/simple-registration

Simple point-based registration using iterative closest point

Primary LanguageC++BSD 3-Clause "New" or "Revised" LicenseBSD-3-Clause

Simple-Registration

Build and Execution

The build can be in-source or out-of-source. ITK has been removed as a dependency because it is not used. Boost is used, although it no longer has a new copy installed and rebuilt with the project. Should this be necessary, the relevant Cmake changes can be reverted.

To execute either of the command-line utilities, run bin/PointMatchingCmd or bin/SurfaceBasedRegistrationCmd with command-line arguments as documented below and in the unit tests. To run unit tests, cd to bin, then execute ./PointMatchingTest.

PointMatchingCmd --data1 path_to_moving.txt --data2 path_to_fixed.txt --out output_file.txt
SurfaceBasedRegistrationCmd --data1 path_to_cloud_1.txt --data2 path_to_cloud_2.txt --out output_file.txt --init_file transform_initialisation.txt

Point-Based Registration

Point-based registration is implemented according to Arun et al (1987), with this project mostly taking an imperative/functional approach. Several small functions are used (and reused) in combination to achieve the desired end result. This seemed appropriate for a small, numerically-focused piece of software. The relevant high-level function here is estimate_rigid_transform, which takes two point clouds as input, and returns a 4x4 estimated transformation matrix. Point clouds are stored as Eigen::MatrixXd types -- i.e. 3xN Eigen matrices of 3x1 vectors. This allows the use of the various Eigen numerical functions, with little computational overhead. Eigen::MatrixXd is dynamically-allocated, allowing the project to avoid manual memory allocation for the most part. These point clouds are, of course, passed by const reference. This is important because it prevents unnecessary copying and undesired side-effects.

Unit tests are implemented in bin/PointMatchingTest. These tests serve as the main documentation for the program. There is also a command-line interface to the point-based registration, through PointMatchingCmd. If one uses the registration on the provided test-data (as is done in the relevant unit test), one gets the expected result:

  Estimated transform was 
      0.743145  3.06888e-07    -0.669131 -2.45377e-05
     -0.421098     0.777146    -0.467676   2.7305e-05
      0.520012      0.62932     0.577532  0.000109916
             0            0            0            1

This implementation of point-based registration is relatively naive, making equal use of every point in the SVD. As the number of points grows very large, the program can become slow to find the residuals matrix (the 3x3 matrix on which the SVD is performed) -- especially when the available memory is exceeded, necessitating paging. If it were necessary to handle large numbers of points, it might be wise to take a representative subset of points, and register these. Alternatively, evaluation of the residuals matrix prior to SVD might be parallelised.

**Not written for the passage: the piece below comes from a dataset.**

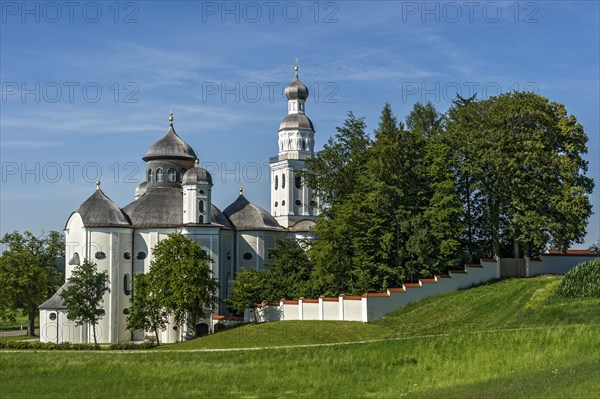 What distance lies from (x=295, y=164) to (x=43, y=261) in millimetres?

Surface-Based Registration

Surface-based registration is implemented in a similar fashion to (and making use of) the aforementioned point-based registration, as suggested in the briefing sheet. The relevant higher-level function here is register_surfaces, which takes two point clouds and (optionally) an initial transformation as input. As with the point-based registration, it returns an estimated transformation as a 4x4 matrix. Surfaces are assumed to be represented by point clouds, in which there is no prior knowledge as to which points correspond. At every step, the estimated transform is applied, and then there is an exhausive search for the closest "floating" point to each "fixed" point. This correspondence is then used to update the estimated transform.

The exhaustive search for closest points is quite naive, and prone to local minima, and a better approach might be to use a stochastic global optimisation. It performs adequately for this example, however. Relatedly, providing a good initialisation transform is important for avoiding local minima. This would be less important if a coarse subset of points were globally optimised to initially estimate the correspondence and transform. Currently, using a good initialisation, the example data can be successfully registered with high accuracy in under ten seconds on a modern laptop.

Unit-testing of the whole surface-based registration (as opposed to a smaller unit) is a form of integration testing. This is carried out within the previously-discussed tests.